# New Bremont manufactured movement: ENG300



## AnonPi (Aug 19, 2020)

Announced today, a new movement, ENG300, manufactured by Bremont.









Up Close With Bremont's New Movement


This wasn't an easy story to write.




www.hodinkee.com





No word yet (that I'm aware of) on which watches it will go into.


----------



## jkpa (Feb 8, 2014)

“The ENG300 calibre is a re-engineered and upgraded version of K1, a base calibre designed by the Swiss company THE+. Bremont has bought the rights in perpetuity to use THE+’s IP, the whole kit and caboodle. ENG300 is a largely customized version of K1 and the upgrades were developed by a Bremont team. The movement contains five core components made at the Bremont Manufacturing and Technology Centre, namely the base plate and four bridges, and together, these make up 55 percent of the movement’s weight. In all, 80 percent of the movement’s weight is accounted for by parts Bremont has customised.”


----------



## AnonPi (Aug 19, 2020)

jkpa said:


> “The ENG300 calibre is a re-engineered and upgraded version of K1, a base calibre designed by the Swiss company THE+. Bremont has bought the rights in perpetuity to use THE+’s IP, the whole kit and caboodle. ENG300 is a largely customized version of K1 and the upgrades were developed by a Bremont team. The movement contains five core components made at the Bremont Manufacturing and Technology Centre, namely the base plate and four bridges, and together, these make up 55 percent of the movement’s weight. In all, 80 percent of the movement’s weight is accounted for by parts Bremont has customised.”

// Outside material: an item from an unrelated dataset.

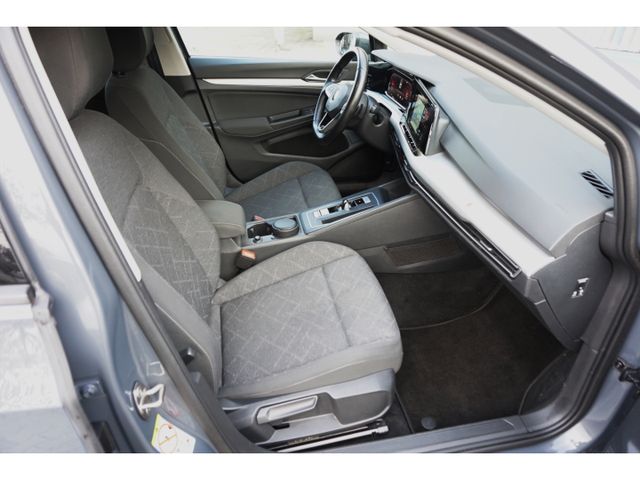 Golf VIII 2.0 TDI DSG Life *Navi*Shz*Lhz*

Yes, that's right, they are not calling it an "in-house" movement, but a Bremont manufactured movement. All this is explained in the report linked to.


----------



## jkpa (Feb 8, 2014)

No problems there. Good luck to them and nice to see a new movement.


----------



## bounce (May 31, 2010)

It is a very good read.

I like the phrase Bremont manufactured movement, very good choice of words. 

I really hope it works well for them.


----------



## Turpinr (Dec 10, 2017)

Good luck to Bremont.
I'll certainly be interested in what watches have this new movement


----------



## dirtvictim (Mar 9, 2006)

Very sexy movement. Austin Powers would approve. Yea baby!


----------



## Medusa (Feb 6, 2010)

I was impressed at first and then the reality of the 55% was revealed.

At this point I think brands that produce real in-house movements should think of a new name for them. The term in-house has lost its credibility and just the mention of it suggests BS.

I noticed that some Swiss brands stay away from the "Swiss Made" thing because its not Swiss enough.


----------



## AnonPi (Aug 19, 2020)

Medusa said:


> I was impressed at first and then the reality of the 55% was revealed.
> 
> At this point I think brands that produce real in-house movements should think of a new name for them. The term in-house has lost its credibility and just the mention of it suggests BS.


Perhaps that's why they are *not* using the term 'in-house' to describe the ENG300 movement. They are only saying that they are manufacturing the movement, and they've been more transparent than virtually all other brands about exactly what that means.


----------



## Medusa (Feb 6, 2010)

AnonPi said:


> Perhaps that's why they are *not* using the term 'in-house' to describe the ENG300 movement. They are only saying that they are manufacturing the movement, and they've been more transparent than virtually all other brands about exactly what that means.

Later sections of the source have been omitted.